Founded in 1971 as Primera División it changed its name to División de Honor in 1992.

==Competition format==
Ten teams compete annually in the league, played with a double round-robin format. The Spanish league the only one of the major leagues in Europe without playoffs.

The last two teams are relegated to a lower league, the Spanish Wheelchair Basketball First División while the two top ranked teams of the lower league are promoted to the División de Honor.
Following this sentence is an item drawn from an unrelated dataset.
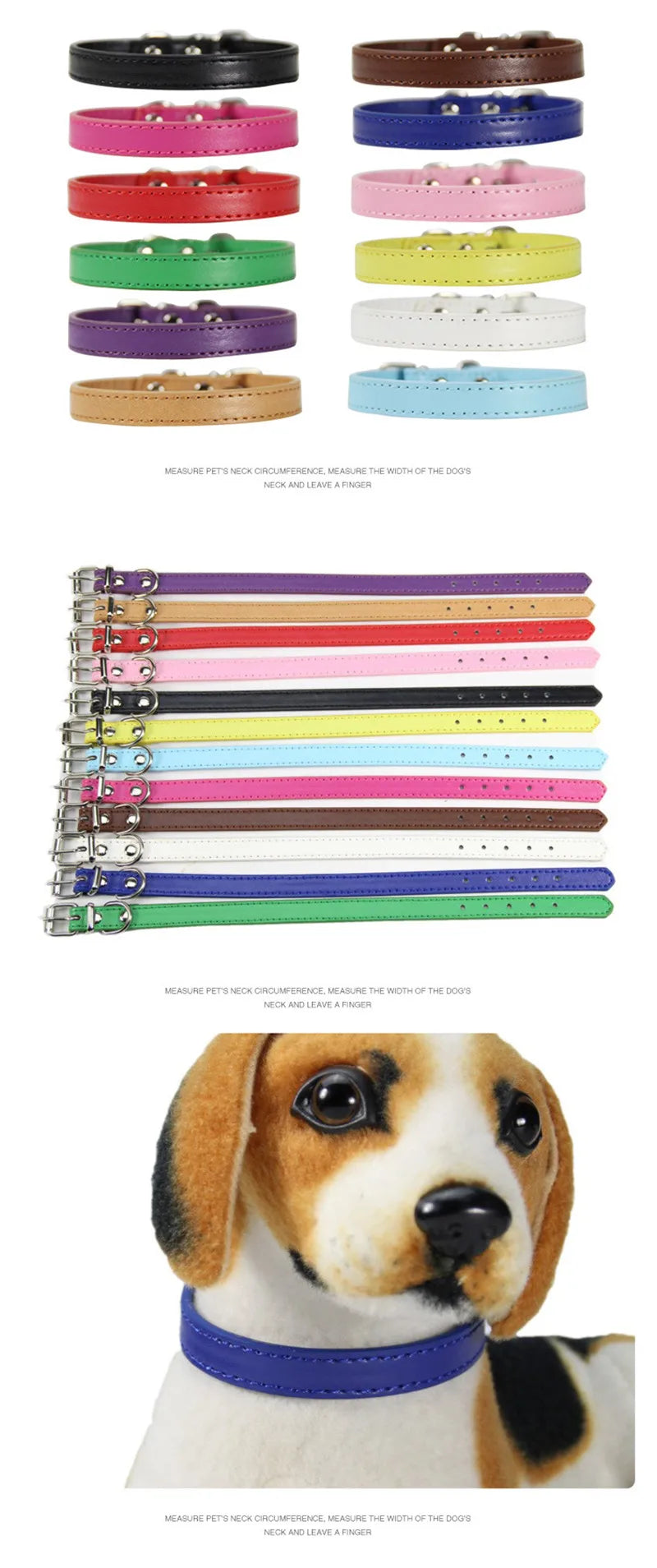 PU Leather Pet Collar for Cats & Dogs Adjustable Outdoor Walking Neck Collar Comfortable Non-restrictive Quick On & Off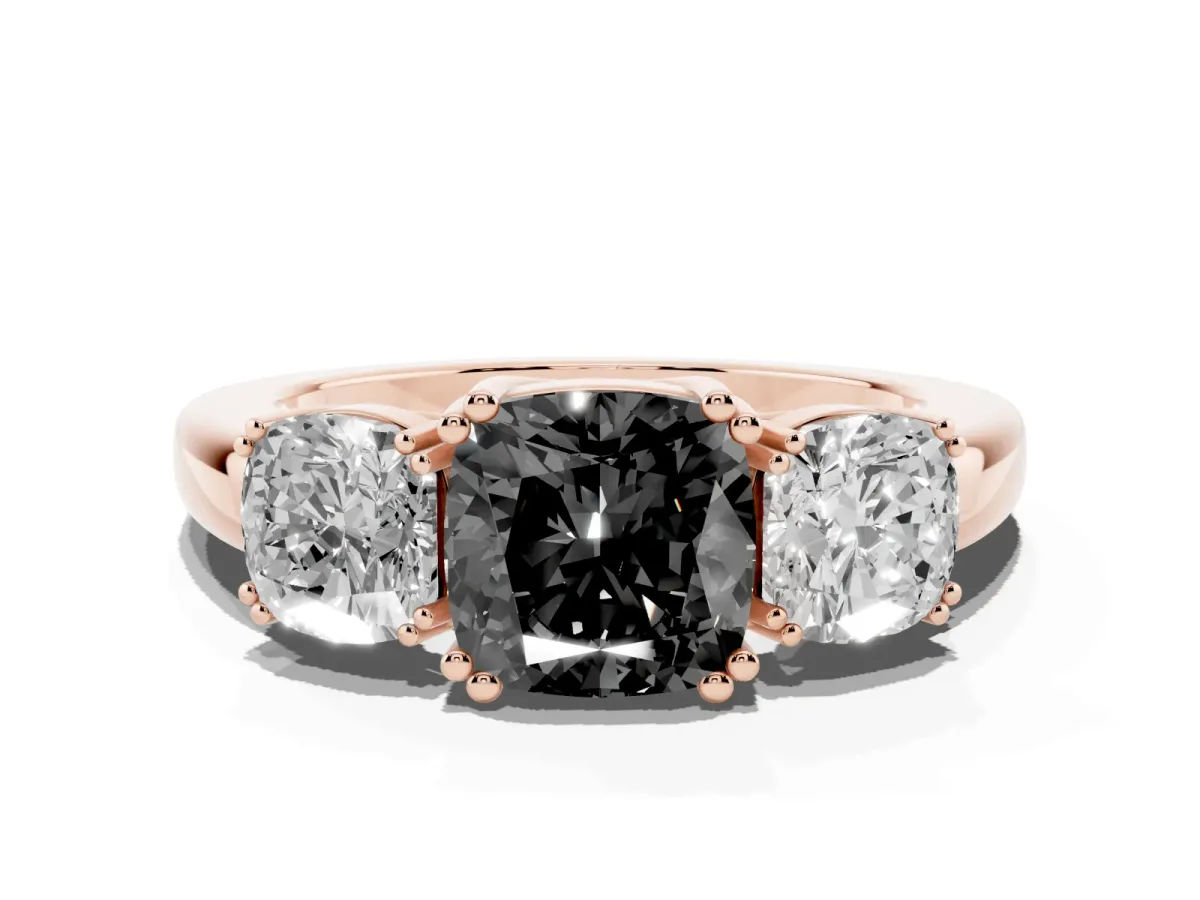 Fancy Black Three-Stone Cushion Cut Cut Diamond Ring with Channel Set Band and Four-Prong Setting Rose gold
CD Ilunion, formerly called CD Fundosa ONCE is the most successful team.

==2024-25 teams==

| Team | Location |
|---|---|
| Amiab Puertollano BSR | Puertollano |
| Amivel Reyes Gutiérrez | Vélez-Málaga |
| Bidaideak Bilbao BSR | Bilbao |
| BSR Amiab Albacete | Albacete |
| CD Ilunion | Madrid |
| Econy Gran Canaria | Las Palmas |
| Fundación Aliados | Valladolid |
| Iberconsa Amfiv | Vigo |
| Menarini Joventut | Badalona |
| Mideba Extremadura | Badajoz |
| Rehatrans Getafe BSR | Getafe |
| UCAM Murcia BSR | Murcia |

==Latest winners==
Despite the league was created in 1971, there are only reliable sources of results and league tables since 1989, when it started to be sponsored by ONCE.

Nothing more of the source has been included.